> **WHAT NEEDS TO BE DONE**
Write out again, word for word, the lines below from the line that holds "Мужские баскетбольные кроссовки" through the line that holds "Dog on Patrol chapter 47 page 8", omitting pictures.

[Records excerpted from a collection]
-------

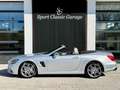 Mercedes-Benz SL 400 Roadster | AMG Line | FULL SERVICE MB | PANO Silber - thumbnail 5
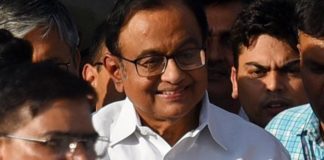 Chidambaram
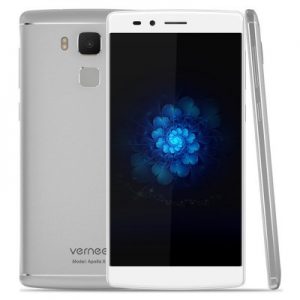 vernee apollo x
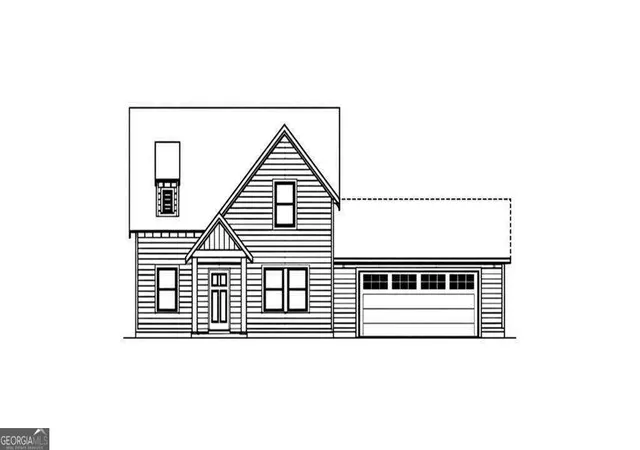 Homes for sale in Carrollton, GA | 135 Winston Wy, Carrollton, GA 30117 | MLS# 10800317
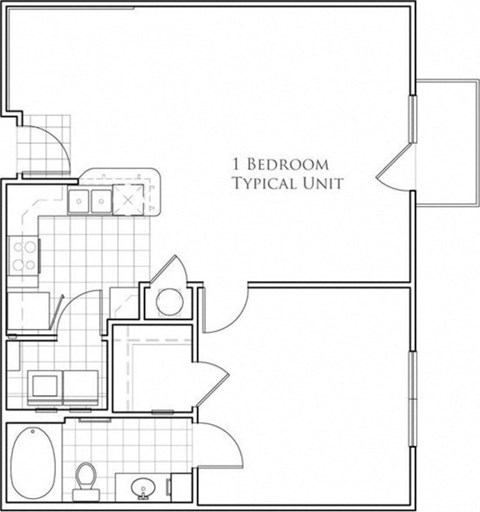 61 N Merrimon Ave suite 101 1-3 Beds Apartment for Rent - Photo Gallery 26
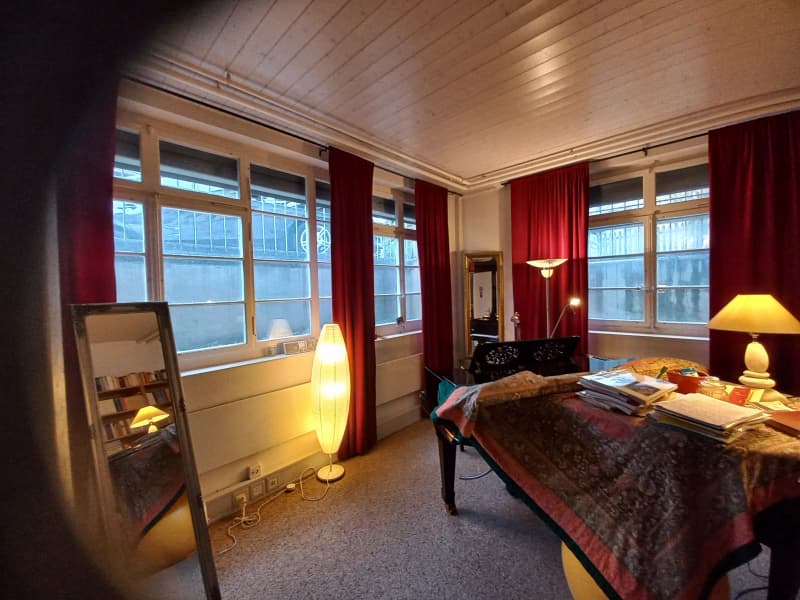 Zwischenmiete Musikraum/Therapieraum - Nähe Eigerplatz in Bern
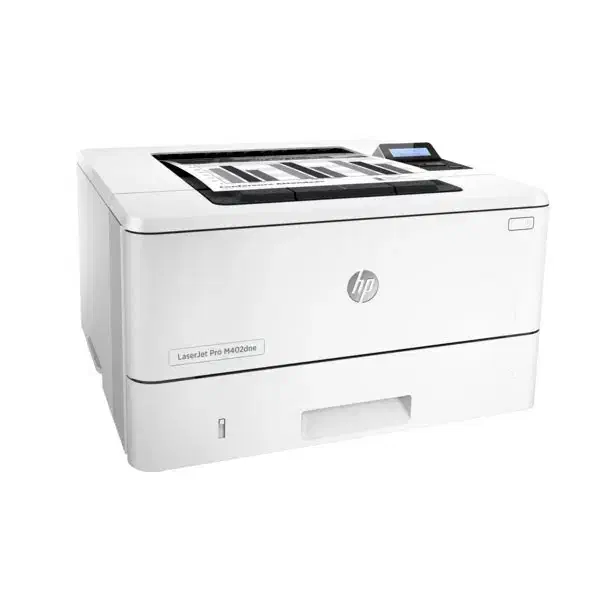 پرینتر لیزری HP-M402dne|پرینتر، اسکنر، کپی، فکس|بندر ماهشهر, |دیوار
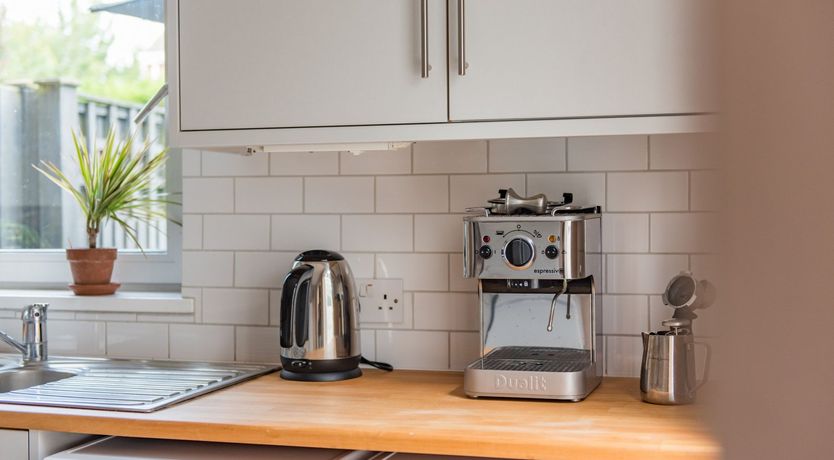 Photo of Soul's New Morning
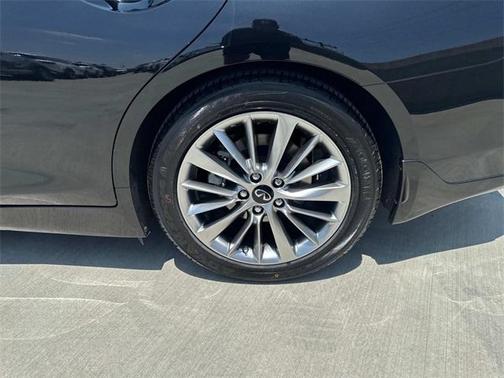 2022 INFINITI Q50 LUXE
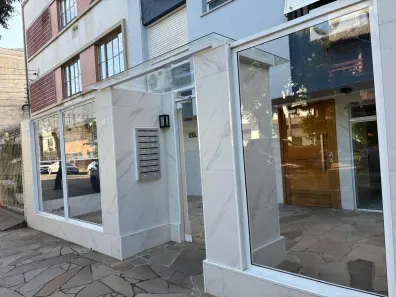 Apartamento com 2 Quartos à venda, 55m² no Menino Deus, Porto Alegre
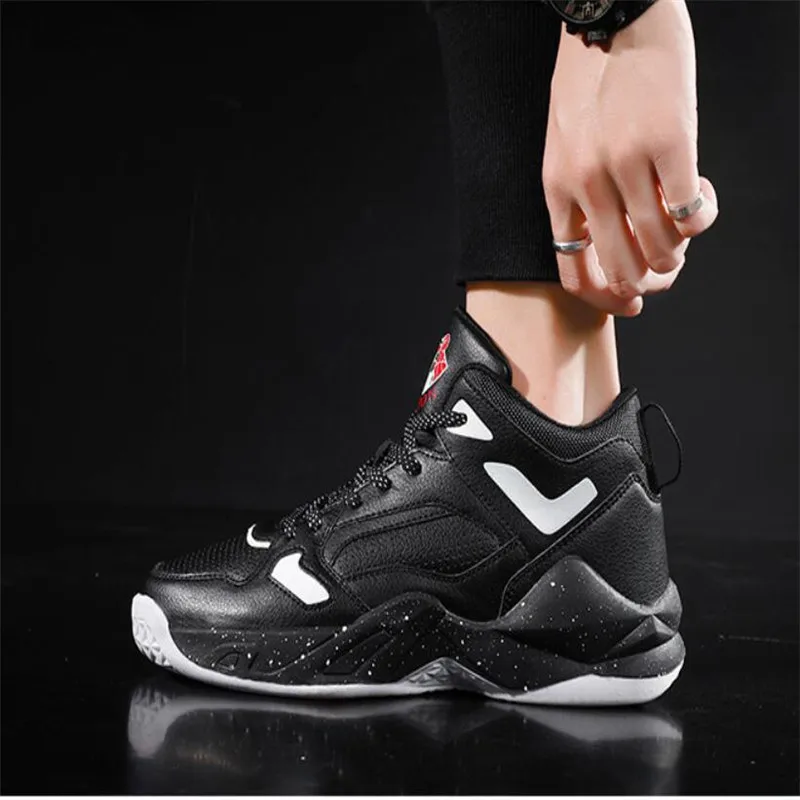 Мужские баскетбольные кроссовки Kyrie 4, кроссовки Air Retro 1, баскетбольные ботинки для мальчиков, детская спортивная обувь в стиле ретро, Кроссовки Ultra Boost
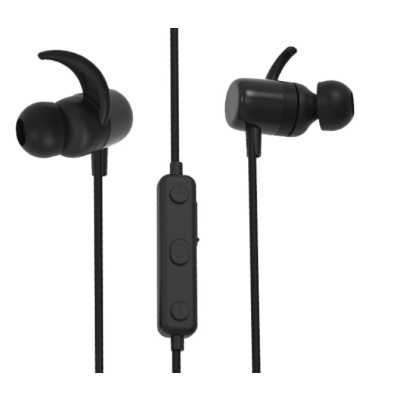 гарнитура Ritmix RH-490BTH Black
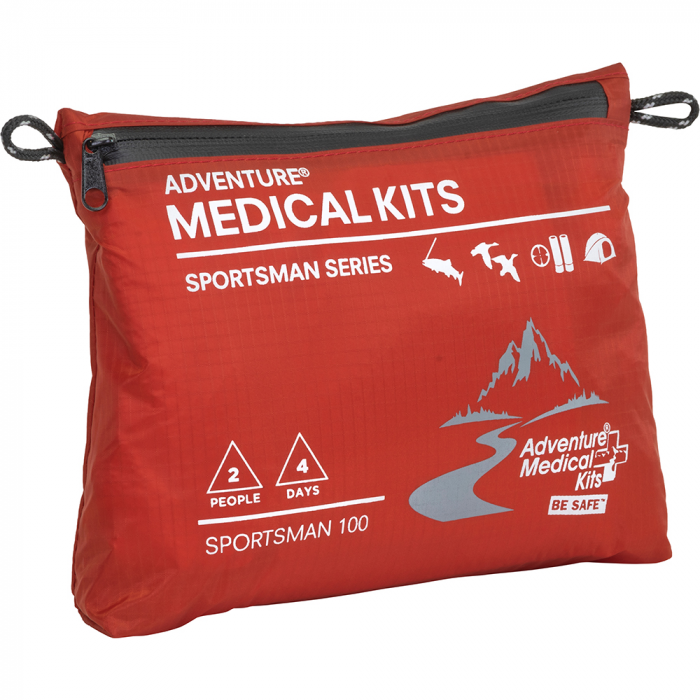 Adventure_Medical_Sportsman_100_First_Aid_Kit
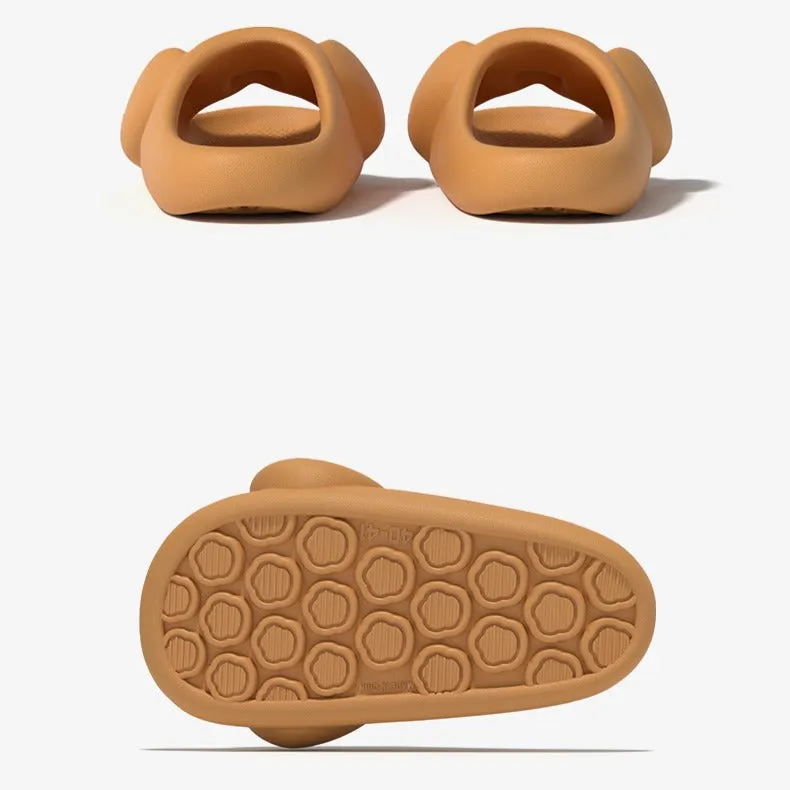 Barky Slides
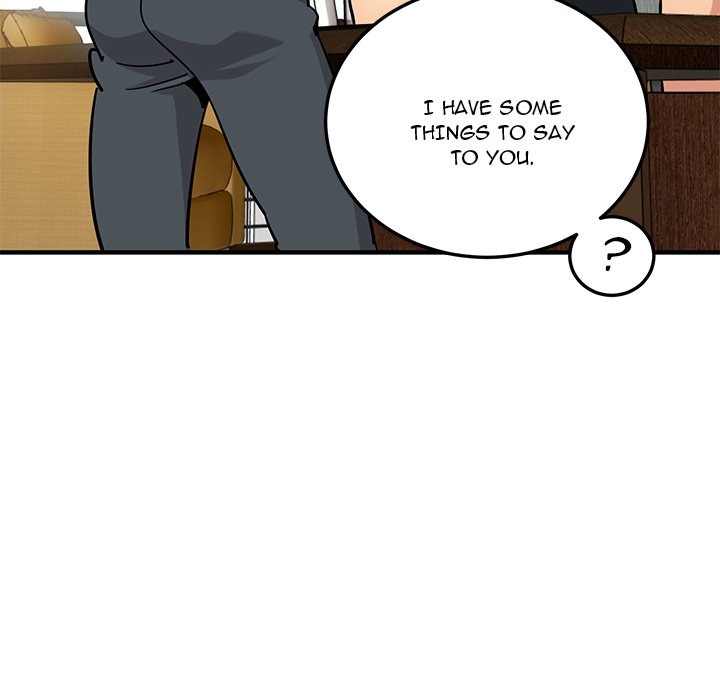Dog on Patrol chapter 47 page 8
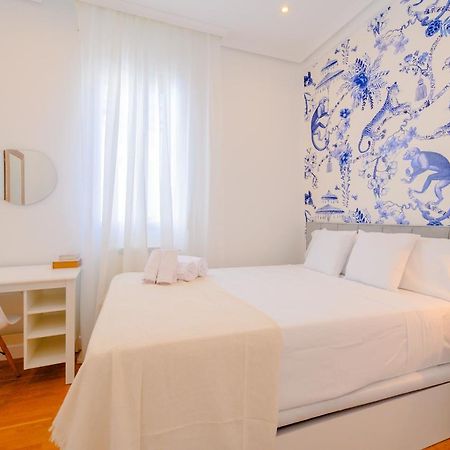 For You Rentals Coqueto Y Bonito Apartamento Temporal De Dos Dormitorios En El Retiro Axii66 마드리드 외부 사진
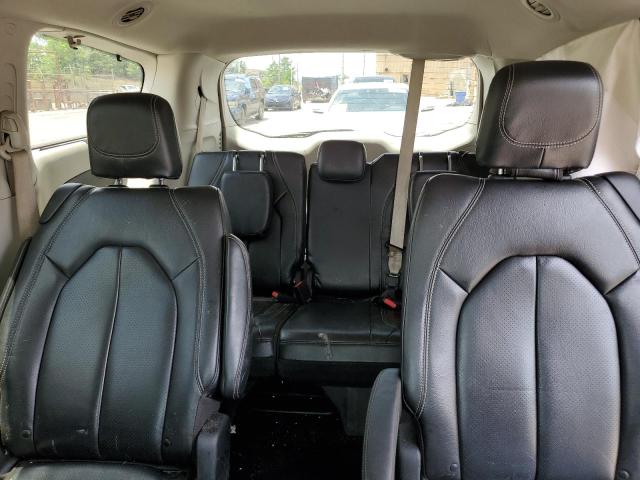 2022 CHRYSLER PACIFICA T - 2C4RC1BG6NR179012
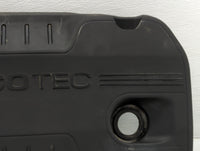 2011 Chevrolet Equinox Engine Cover - Oemusedautoparts1.com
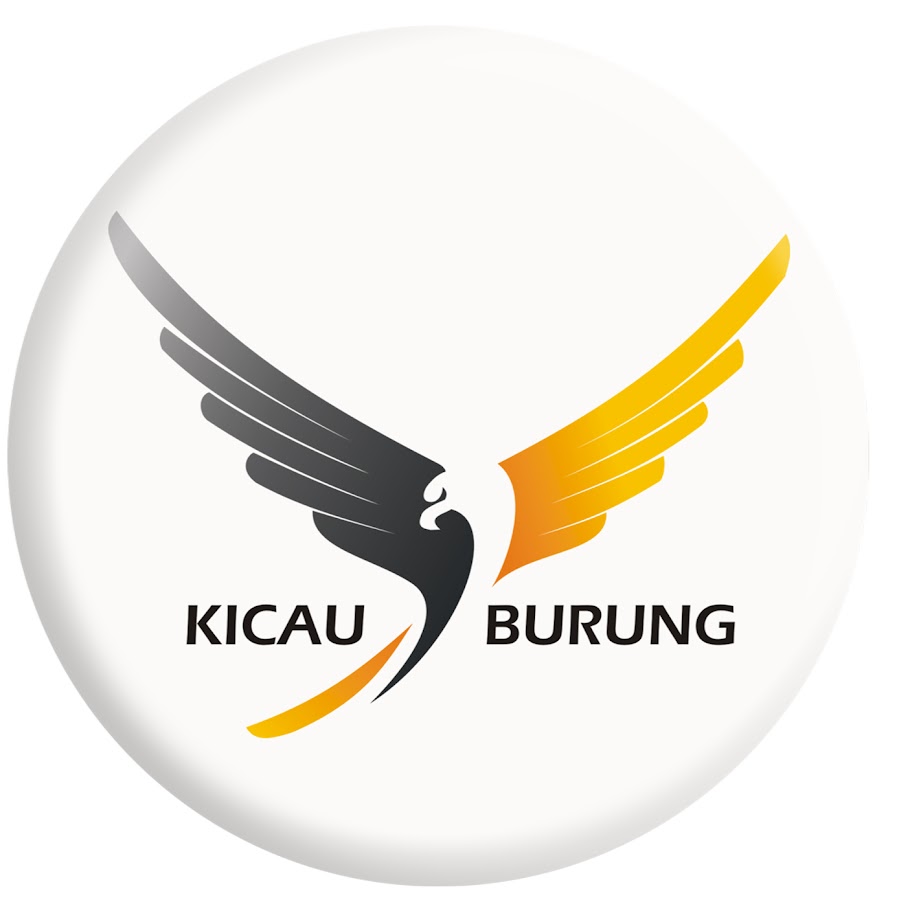 Gambar Logo Burung Murai Batu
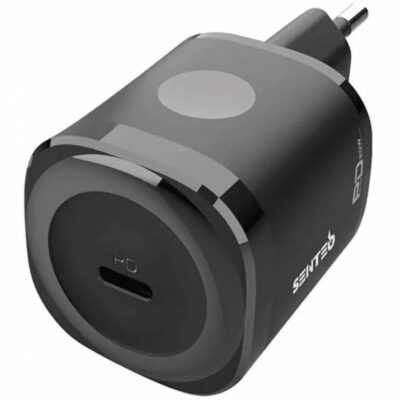 МЗП 1Port Senteo Z-02 USB-C PD 20W Black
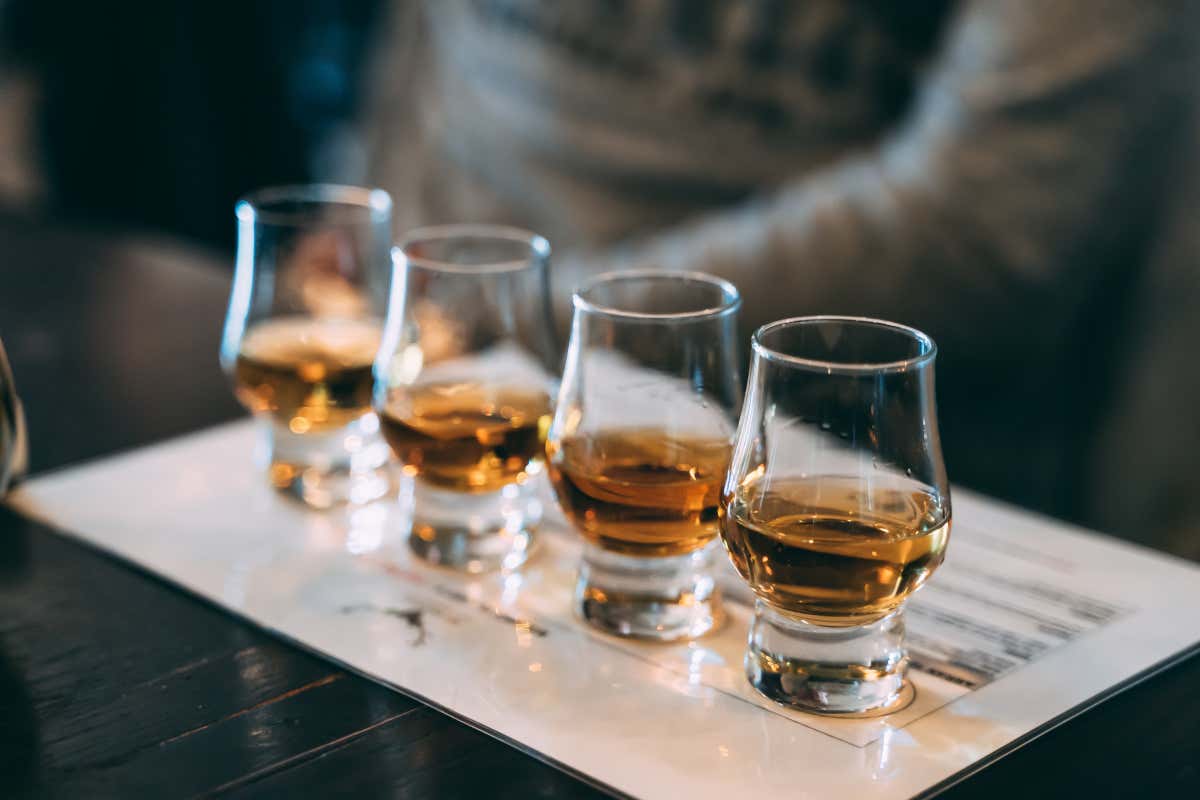 Il futuro del whisky è di nicchia: qualità artigianale e prezzo che farà la differenza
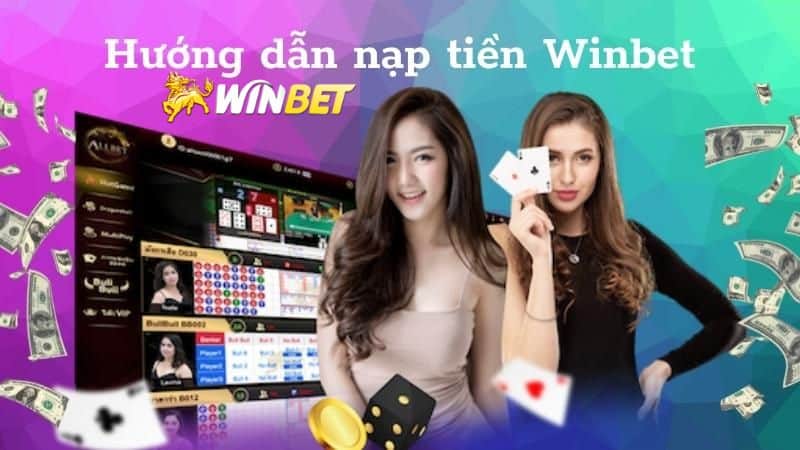 Cách nạp tiền Winbet bằng Techcombank siêu đơn giản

-------

> **SOLVED EXERCISE**
 Мужские баскетбольные кроссовки Kyrie 4, кроссовки Air Retro 1, баскетбольные ботинки для мальчиков, детская спортивная обувь в стиле ретро, Кроссовки Ultra Boost
 гарнитура Ritmix RH-490BTH Black
 Adventure_Medical_Sportsman_100_First_Aid_Kit
 Barky Slides
Dog on Patrol chapter 47 page 8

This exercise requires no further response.